Posted by Ysengrimus sur 7 novembre 2017

Il y a soixante ans cette année paraissaient les fameuses Mythologies de Roland Barthes. C’était littéralement de la sémiologie de combat, produite dans une sorte de situation de guérilla journalistique. Il en résulte aujourd’hui une suite de zébrures textuelles un peu vieillottes, quoique toujours suavement lisibles. Quand on s’avisera du fait que, dès le siècle dernier, émerge vigoureusement en France une intensive culture consumériste de masses, mâtinée de propagande nationale-coloniale et encore densément empreinte de traditionalisme (y compris de catholicisme traditionaliste), on comprendra mieux l’une de nos servitudes majeures: le divorce accablant de la connaissance et de la mythologie. La science va vite et droit en son chemin; mais les représentations collectives ne suivent pas, elles sont des siècles en arrière, maintenues stagnantes dans l’erreur par le pouvoir, la grande presse et les valeurs d’ordre (p. 63). La réalité sociologique quotidienne de la grande décennie d’après-guerre (notamment les premières glorieuses, surtout ici autour de 1954-1957) est donc déjà largement mythologisée. Et en empâtant sciemment la civilisation ordinaire dans son mythe, on est bel et bien en train de mollement la guider (comme un berger guide ses bêtes, un peu à la baguette, un peu sur leur air d’aller, un peu au petit bonheur la chance). Cela —le mythe— se joue, un peu perfidement mais sans concertation particulière, dans le grand cercle de vastes mutations sociales, tout en ne tendant aucunement à nier les mille choses qui déterminent le nouveau rythme de la vie ordinaire.
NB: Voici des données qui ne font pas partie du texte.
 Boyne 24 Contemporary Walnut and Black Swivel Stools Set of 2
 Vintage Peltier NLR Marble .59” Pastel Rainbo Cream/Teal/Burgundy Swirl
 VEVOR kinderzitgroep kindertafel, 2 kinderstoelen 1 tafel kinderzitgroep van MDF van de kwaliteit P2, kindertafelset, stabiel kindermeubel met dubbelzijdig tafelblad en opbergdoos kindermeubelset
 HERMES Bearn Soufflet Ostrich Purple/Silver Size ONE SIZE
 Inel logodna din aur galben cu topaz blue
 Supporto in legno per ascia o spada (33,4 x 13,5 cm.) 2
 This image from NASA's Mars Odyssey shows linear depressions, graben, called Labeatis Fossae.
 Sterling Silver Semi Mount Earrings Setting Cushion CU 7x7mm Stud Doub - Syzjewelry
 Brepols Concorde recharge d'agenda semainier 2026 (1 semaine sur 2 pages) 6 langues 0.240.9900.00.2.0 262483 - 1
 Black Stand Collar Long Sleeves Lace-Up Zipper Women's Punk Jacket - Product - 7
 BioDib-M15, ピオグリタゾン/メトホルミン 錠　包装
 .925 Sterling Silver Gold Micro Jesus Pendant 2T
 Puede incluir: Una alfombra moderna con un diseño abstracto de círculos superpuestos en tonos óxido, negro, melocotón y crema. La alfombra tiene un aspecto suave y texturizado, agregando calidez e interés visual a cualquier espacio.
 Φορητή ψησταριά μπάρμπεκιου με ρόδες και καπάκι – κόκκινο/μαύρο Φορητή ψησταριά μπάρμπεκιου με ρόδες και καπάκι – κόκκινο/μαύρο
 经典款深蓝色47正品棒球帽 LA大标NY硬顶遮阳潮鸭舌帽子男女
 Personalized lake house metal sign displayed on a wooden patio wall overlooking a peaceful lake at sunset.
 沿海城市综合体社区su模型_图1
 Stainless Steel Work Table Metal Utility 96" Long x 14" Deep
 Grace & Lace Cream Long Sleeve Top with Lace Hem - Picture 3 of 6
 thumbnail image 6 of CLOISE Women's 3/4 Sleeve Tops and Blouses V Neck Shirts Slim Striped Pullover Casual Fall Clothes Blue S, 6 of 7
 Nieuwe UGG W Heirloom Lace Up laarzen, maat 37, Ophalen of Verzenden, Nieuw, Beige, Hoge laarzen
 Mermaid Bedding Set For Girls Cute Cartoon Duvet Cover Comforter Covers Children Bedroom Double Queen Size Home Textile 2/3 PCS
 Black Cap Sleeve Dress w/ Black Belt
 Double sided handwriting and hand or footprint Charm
Le mythe ne nie pas les choses, sa fonction est au contraire d’en parler; simplement, il les purifie, les innocente, les fonde en nature et en éternité, il leur donne une clarté qui n’est pas celle de l’explication, mais celle du constat […]. En passant de l’histoire à la nature, le mythe fait une économie: il abolit la complexité des actes humains, leur donne la simplicité des essences, il supprime toute dialectique, toute remontée au-delà du visible immédiat, il organise un monde sans contradictions parce que sans profondeur, un monde étalé dans l’évidence, il fonde une clarté heureuse; les choses ont l’air de signifier toutes seules (p. 217). Le décors d’un durable univers superficiel, consommateur, toc, aussi indolent qu’infatué, est déjà fermement planté.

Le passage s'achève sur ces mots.